→ **The task**
An exact copy of every entry is needed, without the pictures.

Captioned web image data
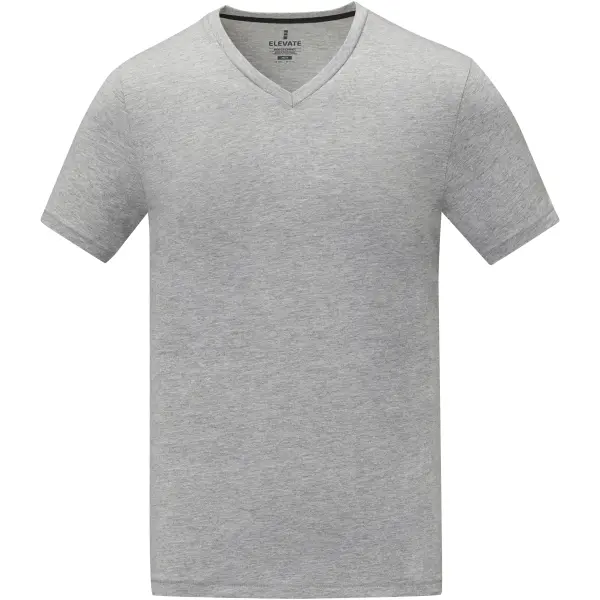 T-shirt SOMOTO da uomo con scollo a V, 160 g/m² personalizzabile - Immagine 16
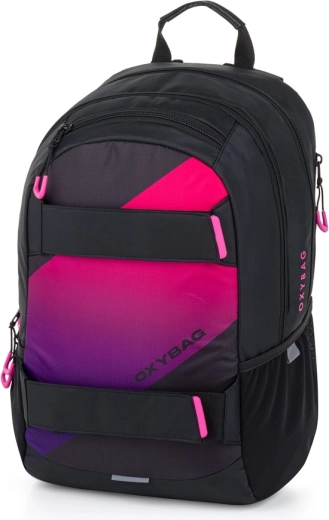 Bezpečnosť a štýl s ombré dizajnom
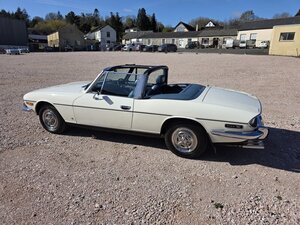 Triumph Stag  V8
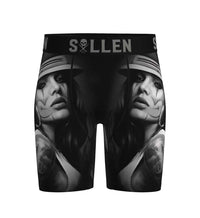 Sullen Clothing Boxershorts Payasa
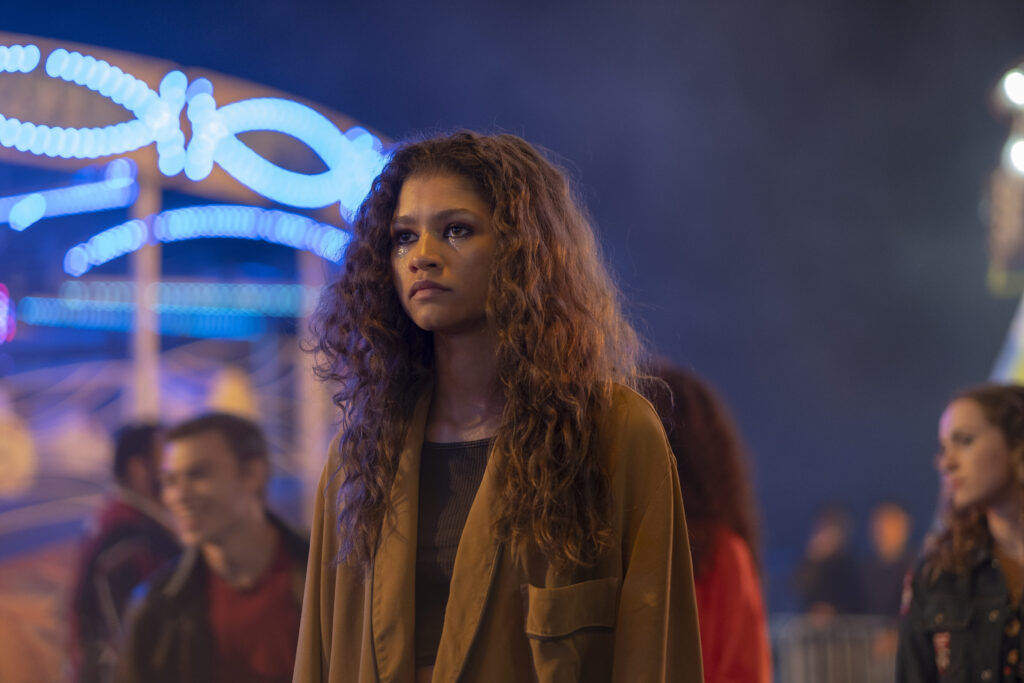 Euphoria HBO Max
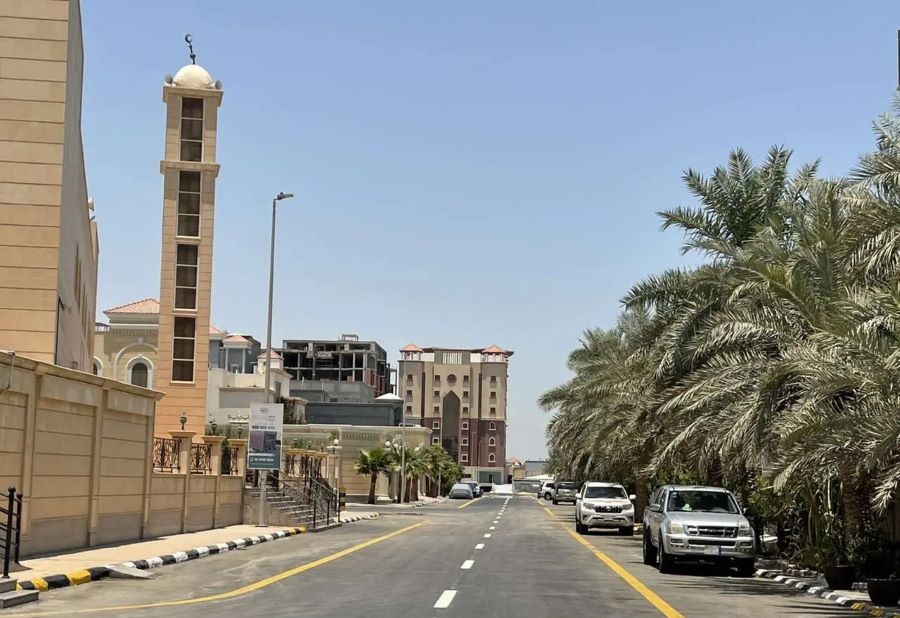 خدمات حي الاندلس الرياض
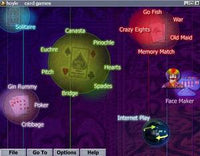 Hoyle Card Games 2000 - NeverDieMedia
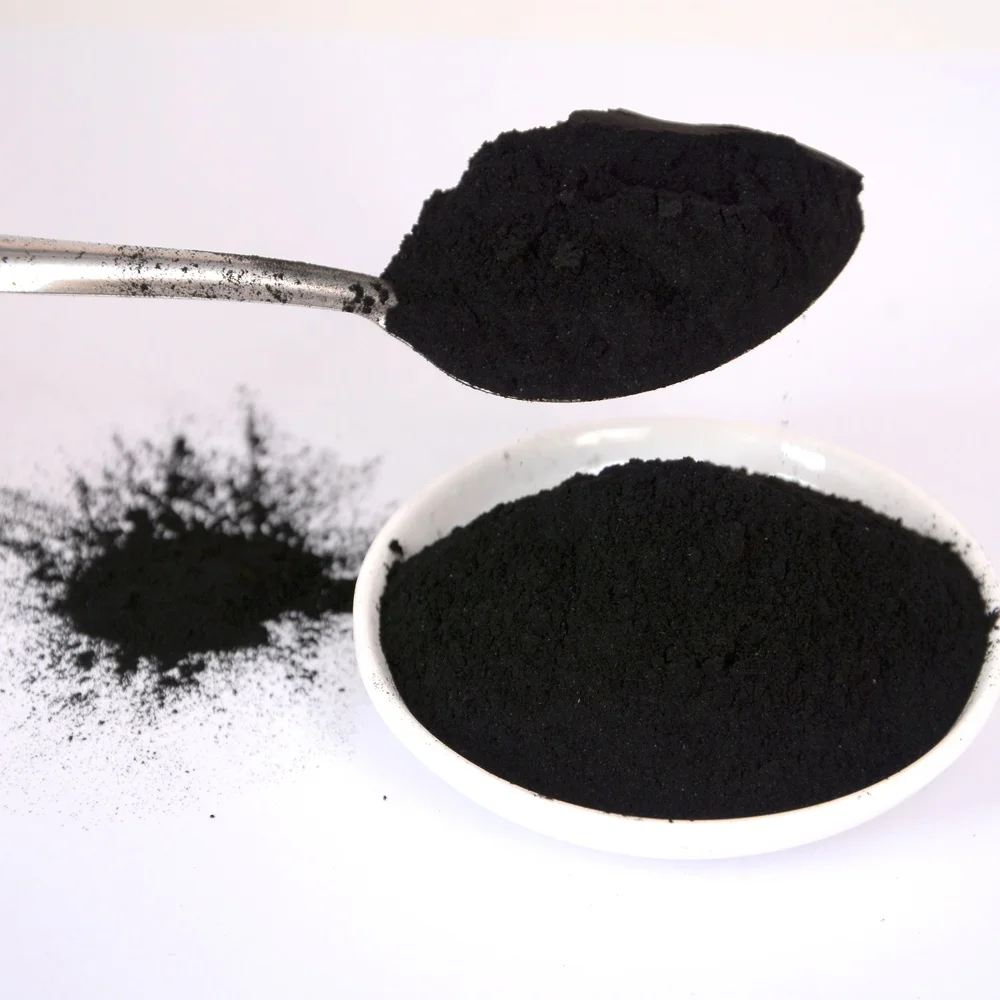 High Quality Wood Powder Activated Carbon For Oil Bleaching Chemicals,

→ **Written solution**
 T-shirt SOMOTO da uomo con scollo a V, 160 g/m² personalizzabile - Immagine 16
 Bezpečnosť a štýl s ombré dizajnom
 Triumph Stag  V8
 Sullen Clothing Boxershorts Payasa
 Euphoria HBO Max
 خدمات حي الاندلس الرياض
 Hoyle Card Games 2000 - NeverDieMedia
 High Quality Wood Powder Activated Carbon For Oil Bleaching Chemicals,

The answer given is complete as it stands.